CS 135: Designing Functional Programs

Here is a possible week-by-week description of the course. It is to be used more as an aid to understanding the content than an actual schedule; any given week may contain too much or not enough material, and certainly not every example listed can be covered.

The text defines a series of five teaching language subsets supported by the instructional development environment; I have indicated where the changes occur. I have also marked with the yen sign (¥) teaching language constructs which are not in standard Scheme; for the most part, these are either trivial substitutions or simple to define in the standard language. Although Scheme makes heavy use of expressions, some things that look like expressions are special forms to be interpreted differently.
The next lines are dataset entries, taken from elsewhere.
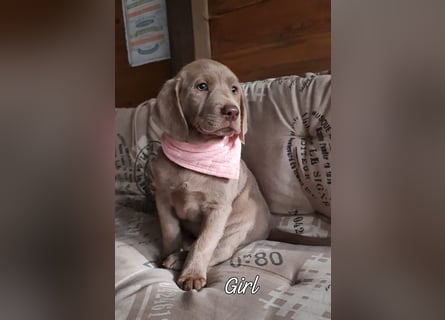 Labrador Aussiedor Welpen,dürfen ausziehen,aus liebevoller Zucht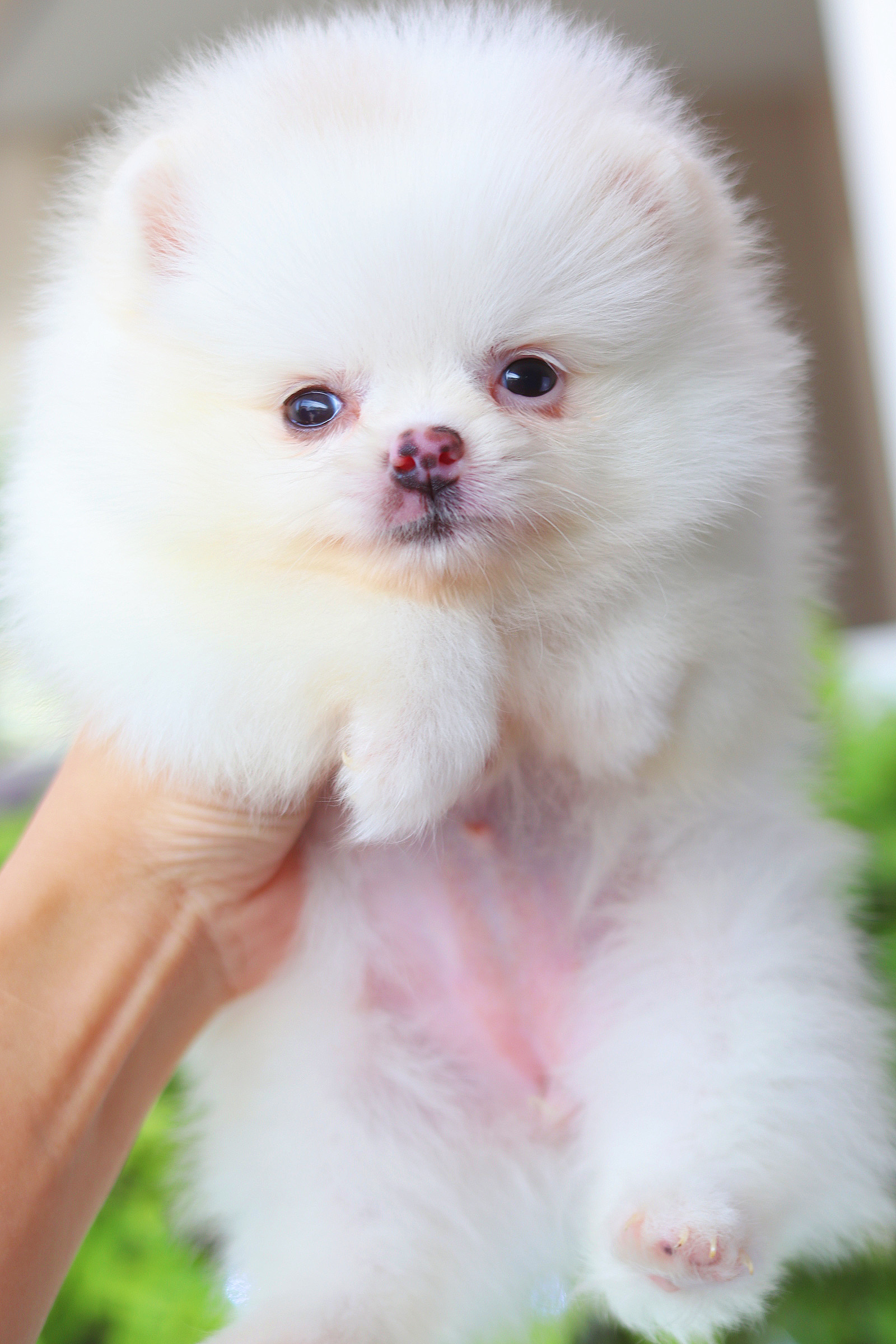 ปอมเมอเรเนียน เพศเมียสีขาวครีม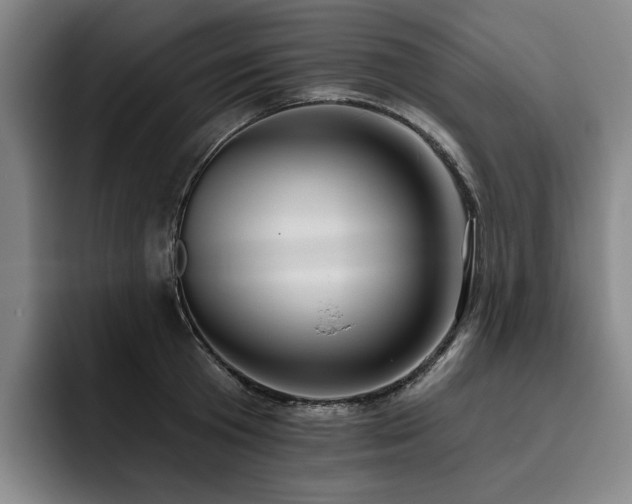 X0000093470801200710121424
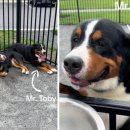 (주)산강아지 이미지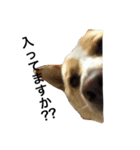 ぶさかわ犬【2】（個別スタンプ：2）
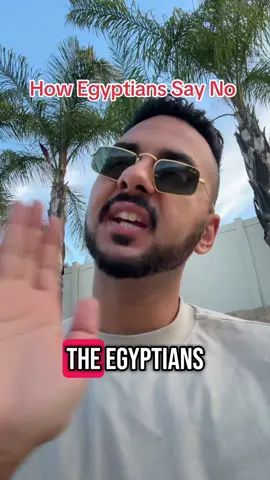 How Egyptians Say No without words 😂😭  #arab #egyptian #funnyarabs #ArabTikTok #تيك_توك #عرب #مصر #لك  #مصري#عرب #arabcheck #middleeastern #arabmom #tiktokarab #arabhumor #fyp #egypt #arabdad #arabictiktok #arabicmusic #arabfunny #مصر #arabfunnymemes #arabfunnytiktok #arabic #learnarabic #🇱🇧 #🇪🇬 #arabicwords #arabicwordoftheday #egyptiantiktok #egyptianarabic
Week 1: (Language level 1) Numbers and arithmetic. Scheme supports arbitrary-precision integers, rationals (displayed as fractions), and inexact reals, marked as such. Prefix notation for common arithmetic functions, e.g. (+ 3 2). Definition of functions using the special form define. Examples: area of ring, Fahrenheit-Celsius conversion. Well-formed and ill-formed expressions; error messages. A design recipe for a function, with a contract, purpose, examples, definition, and tests. Designing functions; auxiliary functions. Using define to bind a name to a value, e.g. (define pi 3.14). Boolean functions. Functions that test conditions, e.g. (< x y). Conditional expressions using the special form cond. Symbols defined using quote or ', e.g. 'red, 'blue. The difference between symbols and strings.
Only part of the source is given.